İLERİ SÜRÜLEN İSTİNAF SEBEPLERİ Davacı vekili istinaf dilekçesinde özetle: Genel kredi sözleşmesinin 6.2. maddesinde taraflar arasında ortaya çıkacak anlaşmazlıklarda kanunda düzenlenen yetki kuralları saklı kalmak kaydıyla İstanbul Anadolu Mahkeme ve İcra Dairelerinin yetkili olacağının belirtildiğini, maddenin devamında “müşterinin ikametgahının veya malvarlığının bulunduğu, kredinin nakledildiği şube ikametgahındaki mahkeme ve icra daireleriyle müşterinin Türkiye sınırları içinde ve dışında malvarlığının bulunduğu ve bulunabileceği her yerde kanuni yollara başvurulabileceği” hükmünün yer almasının İstanbul Anadolu Mahkeme ve İcra Dairelerinin yetkili olacağına ilişkin kısmının geçersiz kılmadığını veya şüpheli hale getirmediğini, ilk derece mahkemesinin bu yöndeki değerlendirmesi hatalı olduğunu, İlk derece mahkemesinin 18/07/2019 tarihli ikinci duruşma celsesinde davalının icra dairesinin yetkisine yaptığı itirazın TBK 89. Maddesi uyarınca reddine karar verdiğini, yani ilk derece mahkemesinin önce davalının yetki itirazının reddine karar verdiğini, ancak sonrasında tam aksine kabul kararı vererek kendisiyle çeliştiğini belirterek, Yukarıda açıklanan nedenlerle İstanbul Anadolu 10. Asliye Ticaret Mahkemesinin 04.02.2020 tarihli kararının kaldırılmasına karar verilmesini istemiştir.

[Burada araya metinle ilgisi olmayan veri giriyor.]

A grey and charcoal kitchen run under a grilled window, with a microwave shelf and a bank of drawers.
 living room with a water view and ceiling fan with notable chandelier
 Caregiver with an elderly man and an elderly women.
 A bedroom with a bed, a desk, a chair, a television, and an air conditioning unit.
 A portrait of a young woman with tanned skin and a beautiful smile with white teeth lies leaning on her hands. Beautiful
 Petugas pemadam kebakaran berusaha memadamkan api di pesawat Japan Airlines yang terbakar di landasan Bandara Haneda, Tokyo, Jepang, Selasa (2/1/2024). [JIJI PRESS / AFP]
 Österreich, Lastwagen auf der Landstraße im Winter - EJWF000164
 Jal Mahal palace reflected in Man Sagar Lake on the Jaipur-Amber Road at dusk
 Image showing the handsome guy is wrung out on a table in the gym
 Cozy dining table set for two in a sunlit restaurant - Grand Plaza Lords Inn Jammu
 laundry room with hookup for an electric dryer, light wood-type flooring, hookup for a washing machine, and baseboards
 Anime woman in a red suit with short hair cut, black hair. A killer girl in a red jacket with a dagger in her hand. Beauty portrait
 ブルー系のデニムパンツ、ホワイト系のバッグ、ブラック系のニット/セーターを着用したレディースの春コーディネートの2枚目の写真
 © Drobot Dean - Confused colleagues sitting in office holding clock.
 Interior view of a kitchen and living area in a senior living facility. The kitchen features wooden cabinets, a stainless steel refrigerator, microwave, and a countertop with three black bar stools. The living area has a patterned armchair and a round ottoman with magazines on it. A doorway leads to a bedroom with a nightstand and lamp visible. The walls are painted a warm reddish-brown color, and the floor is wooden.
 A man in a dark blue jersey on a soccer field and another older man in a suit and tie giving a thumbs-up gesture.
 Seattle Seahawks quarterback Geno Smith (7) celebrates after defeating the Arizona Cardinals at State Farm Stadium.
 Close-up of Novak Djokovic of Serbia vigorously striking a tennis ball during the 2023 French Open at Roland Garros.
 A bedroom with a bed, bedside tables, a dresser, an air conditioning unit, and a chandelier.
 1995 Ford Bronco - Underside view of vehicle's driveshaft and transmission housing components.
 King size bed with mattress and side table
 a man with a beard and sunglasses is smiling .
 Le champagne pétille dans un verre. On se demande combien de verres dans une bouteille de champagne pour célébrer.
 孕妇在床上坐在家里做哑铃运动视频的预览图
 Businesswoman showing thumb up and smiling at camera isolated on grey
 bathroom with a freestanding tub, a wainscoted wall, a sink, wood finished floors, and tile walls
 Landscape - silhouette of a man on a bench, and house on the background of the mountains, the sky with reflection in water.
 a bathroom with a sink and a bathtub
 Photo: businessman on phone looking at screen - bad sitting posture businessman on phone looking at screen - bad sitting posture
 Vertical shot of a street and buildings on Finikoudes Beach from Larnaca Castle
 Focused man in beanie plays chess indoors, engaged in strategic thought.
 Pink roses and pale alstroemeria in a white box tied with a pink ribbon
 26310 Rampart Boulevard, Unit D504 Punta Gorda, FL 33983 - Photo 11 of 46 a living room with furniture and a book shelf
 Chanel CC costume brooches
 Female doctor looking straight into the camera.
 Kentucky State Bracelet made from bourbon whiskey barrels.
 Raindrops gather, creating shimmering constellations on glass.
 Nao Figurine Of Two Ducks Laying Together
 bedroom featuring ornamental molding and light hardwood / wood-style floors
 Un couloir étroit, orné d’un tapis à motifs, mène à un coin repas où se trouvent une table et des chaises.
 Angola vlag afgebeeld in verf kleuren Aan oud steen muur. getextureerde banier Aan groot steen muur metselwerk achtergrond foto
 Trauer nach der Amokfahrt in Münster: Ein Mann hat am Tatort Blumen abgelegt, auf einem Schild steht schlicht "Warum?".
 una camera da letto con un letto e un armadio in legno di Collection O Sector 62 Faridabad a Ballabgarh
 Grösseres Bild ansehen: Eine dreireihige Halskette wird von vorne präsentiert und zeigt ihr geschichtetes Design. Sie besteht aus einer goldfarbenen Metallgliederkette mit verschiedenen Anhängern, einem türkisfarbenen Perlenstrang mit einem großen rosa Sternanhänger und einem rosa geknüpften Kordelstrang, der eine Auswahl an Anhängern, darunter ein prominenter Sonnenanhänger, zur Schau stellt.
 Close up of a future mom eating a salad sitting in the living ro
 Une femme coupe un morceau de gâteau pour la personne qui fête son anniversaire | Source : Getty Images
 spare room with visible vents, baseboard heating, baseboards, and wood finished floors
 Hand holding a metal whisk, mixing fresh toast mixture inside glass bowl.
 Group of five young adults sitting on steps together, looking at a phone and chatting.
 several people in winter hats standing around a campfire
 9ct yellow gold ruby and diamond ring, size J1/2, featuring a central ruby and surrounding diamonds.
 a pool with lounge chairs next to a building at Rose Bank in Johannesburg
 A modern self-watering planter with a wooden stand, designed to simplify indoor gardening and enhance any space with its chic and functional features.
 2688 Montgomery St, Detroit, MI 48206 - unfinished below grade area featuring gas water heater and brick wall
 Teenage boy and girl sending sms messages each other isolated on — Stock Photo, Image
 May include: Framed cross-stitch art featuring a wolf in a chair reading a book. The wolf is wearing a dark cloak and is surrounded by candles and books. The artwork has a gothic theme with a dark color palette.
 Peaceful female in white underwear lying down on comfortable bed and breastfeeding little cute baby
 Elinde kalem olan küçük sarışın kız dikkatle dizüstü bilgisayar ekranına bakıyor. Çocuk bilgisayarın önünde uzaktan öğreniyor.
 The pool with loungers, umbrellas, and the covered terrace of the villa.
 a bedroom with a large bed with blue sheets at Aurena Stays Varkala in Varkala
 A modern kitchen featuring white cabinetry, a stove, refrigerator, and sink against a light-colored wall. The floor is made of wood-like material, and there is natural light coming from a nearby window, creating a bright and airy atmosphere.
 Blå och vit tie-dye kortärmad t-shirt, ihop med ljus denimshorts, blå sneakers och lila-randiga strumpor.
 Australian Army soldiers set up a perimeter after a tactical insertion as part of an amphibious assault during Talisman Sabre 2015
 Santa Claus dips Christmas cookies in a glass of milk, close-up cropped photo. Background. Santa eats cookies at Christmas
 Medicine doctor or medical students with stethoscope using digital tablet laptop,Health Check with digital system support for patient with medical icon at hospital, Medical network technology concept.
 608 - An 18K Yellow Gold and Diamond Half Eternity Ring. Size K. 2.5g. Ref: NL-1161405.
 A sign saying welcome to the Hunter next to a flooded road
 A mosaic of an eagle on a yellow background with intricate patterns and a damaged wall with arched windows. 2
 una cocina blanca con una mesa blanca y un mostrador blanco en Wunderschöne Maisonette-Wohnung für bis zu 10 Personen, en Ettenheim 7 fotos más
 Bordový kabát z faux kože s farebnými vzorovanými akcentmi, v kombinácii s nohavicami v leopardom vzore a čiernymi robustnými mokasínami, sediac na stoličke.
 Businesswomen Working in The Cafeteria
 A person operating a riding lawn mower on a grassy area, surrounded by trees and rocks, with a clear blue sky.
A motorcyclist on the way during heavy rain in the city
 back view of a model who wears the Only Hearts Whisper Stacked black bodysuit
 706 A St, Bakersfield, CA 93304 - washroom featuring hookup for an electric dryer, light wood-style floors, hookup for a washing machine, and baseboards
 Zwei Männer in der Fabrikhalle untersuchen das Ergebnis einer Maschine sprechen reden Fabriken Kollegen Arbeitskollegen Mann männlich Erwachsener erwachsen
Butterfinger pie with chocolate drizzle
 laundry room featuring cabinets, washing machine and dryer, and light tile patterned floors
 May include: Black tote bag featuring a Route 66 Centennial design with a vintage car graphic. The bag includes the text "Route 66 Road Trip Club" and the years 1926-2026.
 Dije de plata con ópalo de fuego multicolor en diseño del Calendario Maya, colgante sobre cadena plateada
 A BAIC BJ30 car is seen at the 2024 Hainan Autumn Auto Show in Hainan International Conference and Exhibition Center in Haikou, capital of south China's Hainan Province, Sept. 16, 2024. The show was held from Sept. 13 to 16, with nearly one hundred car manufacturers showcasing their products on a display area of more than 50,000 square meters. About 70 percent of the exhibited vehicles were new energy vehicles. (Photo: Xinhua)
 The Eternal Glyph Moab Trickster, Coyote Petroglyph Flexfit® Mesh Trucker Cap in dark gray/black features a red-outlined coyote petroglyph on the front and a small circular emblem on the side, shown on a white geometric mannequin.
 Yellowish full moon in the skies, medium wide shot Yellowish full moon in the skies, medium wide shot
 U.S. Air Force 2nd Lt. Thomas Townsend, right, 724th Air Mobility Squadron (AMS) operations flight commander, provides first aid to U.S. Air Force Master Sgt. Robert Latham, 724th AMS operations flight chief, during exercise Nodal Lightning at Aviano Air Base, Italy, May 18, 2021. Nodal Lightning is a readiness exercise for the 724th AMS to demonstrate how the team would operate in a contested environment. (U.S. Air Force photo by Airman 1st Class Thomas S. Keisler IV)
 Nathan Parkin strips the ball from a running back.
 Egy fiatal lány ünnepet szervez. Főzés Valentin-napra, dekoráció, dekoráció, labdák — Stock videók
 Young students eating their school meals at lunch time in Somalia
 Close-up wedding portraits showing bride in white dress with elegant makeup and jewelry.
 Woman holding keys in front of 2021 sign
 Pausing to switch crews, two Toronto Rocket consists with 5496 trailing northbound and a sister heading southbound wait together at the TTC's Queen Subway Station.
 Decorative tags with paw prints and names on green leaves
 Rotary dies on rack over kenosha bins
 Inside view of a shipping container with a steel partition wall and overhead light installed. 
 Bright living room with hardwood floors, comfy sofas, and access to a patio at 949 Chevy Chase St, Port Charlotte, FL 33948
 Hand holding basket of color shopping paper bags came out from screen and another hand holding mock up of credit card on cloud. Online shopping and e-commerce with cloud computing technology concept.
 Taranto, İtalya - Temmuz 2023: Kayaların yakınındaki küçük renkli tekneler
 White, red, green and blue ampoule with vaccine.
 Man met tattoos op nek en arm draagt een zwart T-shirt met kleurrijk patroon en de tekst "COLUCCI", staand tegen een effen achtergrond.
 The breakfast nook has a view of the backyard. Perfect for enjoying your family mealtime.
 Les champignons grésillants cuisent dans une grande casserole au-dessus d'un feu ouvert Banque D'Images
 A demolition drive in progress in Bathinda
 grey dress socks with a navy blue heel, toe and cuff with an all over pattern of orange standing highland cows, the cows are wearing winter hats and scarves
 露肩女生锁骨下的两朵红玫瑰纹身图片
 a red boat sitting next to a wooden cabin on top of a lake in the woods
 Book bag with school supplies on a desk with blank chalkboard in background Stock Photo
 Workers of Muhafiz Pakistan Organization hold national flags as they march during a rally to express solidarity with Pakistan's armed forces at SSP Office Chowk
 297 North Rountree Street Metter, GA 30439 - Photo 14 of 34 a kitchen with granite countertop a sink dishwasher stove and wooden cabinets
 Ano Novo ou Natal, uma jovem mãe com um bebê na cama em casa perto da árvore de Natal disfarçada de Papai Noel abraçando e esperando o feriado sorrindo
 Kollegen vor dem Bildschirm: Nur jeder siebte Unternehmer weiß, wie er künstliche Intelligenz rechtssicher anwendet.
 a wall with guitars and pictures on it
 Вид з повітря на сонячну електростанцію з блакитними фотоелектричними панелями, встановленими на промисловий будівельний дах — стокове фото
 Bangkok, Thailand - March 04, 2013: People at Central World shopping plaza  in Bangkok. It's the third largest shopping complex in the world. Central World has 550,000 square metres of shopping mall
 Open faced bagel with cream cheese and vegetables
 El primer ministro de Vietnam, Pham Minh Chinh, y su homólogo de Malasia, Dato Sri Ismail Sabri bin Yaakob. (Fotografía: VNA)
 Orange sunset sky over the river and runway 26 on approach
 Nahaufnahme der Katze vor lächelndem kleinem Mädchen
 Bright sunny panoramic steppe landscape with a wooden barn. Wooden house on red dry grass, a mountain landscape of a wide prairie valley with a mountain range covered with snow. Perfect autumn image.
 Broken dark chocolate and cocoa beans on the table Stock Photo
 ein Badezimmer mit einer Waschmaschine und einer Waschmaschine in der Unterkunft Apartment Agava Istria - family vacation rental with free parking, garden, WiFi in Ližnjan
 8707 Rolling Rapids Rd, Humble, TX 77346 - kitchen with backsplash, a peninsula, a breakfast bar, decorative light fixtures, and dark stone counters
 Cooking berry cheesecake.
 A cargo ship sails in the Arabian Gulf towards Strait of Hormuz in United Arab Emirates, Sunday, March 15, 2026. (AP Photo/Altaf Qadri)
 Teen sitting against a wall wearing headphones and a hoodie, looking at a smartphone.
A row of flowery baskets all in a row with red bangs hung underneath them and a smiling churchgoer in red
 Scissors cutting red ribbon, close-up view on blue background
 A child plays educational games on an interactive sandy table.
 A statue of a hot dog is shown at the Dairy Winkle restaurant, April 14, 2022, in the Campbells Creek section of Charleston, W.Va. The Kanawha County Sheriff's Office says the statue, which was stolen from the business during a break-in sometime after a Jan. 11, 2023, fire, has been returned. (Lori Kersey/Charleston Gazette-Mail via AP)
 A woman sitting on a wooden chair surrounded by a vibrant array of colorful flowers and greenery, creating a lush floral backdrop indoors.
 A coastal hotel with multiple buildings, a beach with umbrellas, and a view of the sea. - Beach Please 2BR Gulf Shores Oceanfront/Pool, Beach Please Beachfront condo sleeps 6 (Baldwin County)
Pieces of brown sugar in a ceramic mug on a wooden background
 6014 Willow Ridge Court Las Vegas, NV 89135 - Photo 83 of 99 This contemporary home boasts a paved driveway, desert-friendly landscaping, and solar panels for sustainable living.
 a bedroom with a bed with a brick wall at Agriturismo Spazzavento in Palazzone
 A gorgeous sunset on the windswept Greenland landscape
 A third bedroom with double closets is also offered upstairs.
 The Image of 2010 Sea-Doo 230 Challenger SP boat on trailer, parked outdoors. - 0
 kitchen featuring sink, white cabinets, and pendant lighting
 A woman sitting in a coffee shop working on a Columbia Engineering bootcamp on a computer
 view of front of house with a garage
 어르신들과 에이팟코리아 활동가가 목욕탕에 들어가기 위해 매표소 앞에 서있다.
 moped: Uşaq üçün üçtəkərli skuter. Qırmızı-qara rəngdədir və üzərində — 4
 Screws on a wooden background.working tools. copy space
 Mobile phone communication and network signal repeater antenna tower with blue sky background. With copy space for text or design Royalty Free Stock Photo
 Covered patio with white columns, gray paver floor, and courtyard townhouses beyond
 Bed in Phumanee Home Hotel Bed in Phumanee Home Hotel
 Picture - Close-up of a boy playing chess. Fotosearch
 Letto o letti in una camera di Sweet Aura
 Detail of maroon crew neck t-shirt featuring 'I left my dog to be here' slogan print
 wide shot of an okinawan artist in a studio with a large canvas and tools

İNCELEME VE GEREKÇE Dava, kredi alacağının tahsili için başlatılan takibe vaki itirazın İİK 67 maddesi uyarınca iptali istemine ilişkindir. Mahkemece yazılı gerekçe ile icra takibinin yetkisizliği nedeniyle dava şartı yokluğundan davanın usulden reddine karar verilmiş, karara karşı davacı vekilince istinaf başvurusunda bulunulmuştur.İstinaf incelemesi HMK 355 maddesi uyarınca istinaf başvuru nedenleri ve kamu düzenine aykırılık yönüyle sınırlı olarak yapılmıştır. 6100 sayılı HMK’nın “yetki sözleşmesi” başlığını taşıyan 17. maddesinde “Tacirler veya kamu tüzel kişileri, aralarında doğmuş veya doğabilecek bir uyuşmazlık hakkında, bir veya birden fazla mahkemeyi sözleşmeyle yetkili kılabilirler. Taraflarca aksi kararlaştırılmadıkça dava sadece sözleşmeyle belirlenen bu mahkemelerde açılır.” hükmü yer almaktadır. HMK’nın 18/2. maddesinin ” Yetki sözleşmesinin geçerli olabilmesi için yazılı olarak yapılması, uyuşmazlığın kaynaklandığı hukuki ilişkinin belirli veya belirlenebilir olması ve yetkili kılınan mahkeme veya mahkemelerin gösterilmesi şarttır. ” hükmünden de açıkça anlaşılabileceği üzere yetki anlaşmasıyla yetkilendirilen mahkemelerin HMK’nın 17. ve 18. maddelerindeki düzenlemeye paralel olarak “belirli” olması şarttır. Seçilen mahkemenin belirli olduğunun kabulü için de yetkili kılınan mahkemeler ismen zikredilmiş bulunmalıdır. Bu itibarla, mahkemece sözleşmede yetki şartını düzenleyen 6.2 maddesindeki yetki sözleşmesi geçersiz olduğundan verilen karar isabetli olup, aksi yöndeki davacı vekilinin istinaf başvurusunun HMK 353/1-b1 maddesi uyarınca esastan reddine dair aşağıdaki şekilde karar verilmiştir.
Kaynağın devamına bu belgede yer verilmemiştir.